In what is perpetrated as a matter of routine to anyone critical of the ruling dispensation, the poet was trolled and hounded online to the extent that she has reportedly gone incommunicado. But her poem was translated into several languages and well circulated by liberal voices.

The episode is only the latest in the long journey of the Hindutva lexicon, which has undergone many changes in the 35 years or so since modern Hindutva took off with the movement to build a Ram temple on top of the Babri mosque.

The term in currency then was ‘pseudo secular’, made popular by leaders of the Bharatiya Janata Party like Lal Krishna Advani. The so called Ram Janmabhoomi movement was then targeting Muslims by raking up persecution by Mughal kings, as well as the Supreme Court’s award of alimony to Shah Bano, overturned by the Rajiv Gandhi government to appease the Muslim right wing.

But Muslims or Christians alone would not serve the purpose, as the secular forces had to be targeted alongside them. Having demolished the mosque in a big blow to secular forces, the Hindu right continued to cry ‘pseudo secular’ as its foot soldiers started tasting electoral success over the next decade.

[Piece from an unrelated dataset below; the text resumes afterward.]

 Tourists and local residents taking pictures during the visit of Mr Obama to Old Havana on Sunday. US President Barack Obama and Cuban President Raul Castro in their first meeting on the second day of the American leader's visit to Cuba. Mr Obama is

This reporter was witness to some Hindutva leaders trying to establish the difference between ‘Nehruvian secularism’ and the ‘secularism of the west’ as they deposed before the Liberhan Commission probing the demolition of the Babri monument.

By the time the next major event in the communal history of India took place in the form of the Gujarat riots in 2002, the term pseudo secular had been replaced simply by ‘secular’ or ‘secularist’ - to be precise ‘bin sampradayik’ in Gujarati, in a state that is also known for giving the modern world its thinker of non-violence in Mahatma Gandhi.

In the days after the anti-Muslim pogrom that followed the burning of 58 Karsevaks in the Sabarmati Express at Godhra, this reporter frequently heard the Hindutva foot soldiers threatening that the next round of violence would target the secularists.

They also went around claiming with pride that Gujarat had come out of Gandhi’s shadow.

There was a further attempt to popularise the term ‘secular fundamentalist’ but this did not take off, perhaps because opposing fundamentalism was seen as counterproductive, or the footsoldiers did not understand it.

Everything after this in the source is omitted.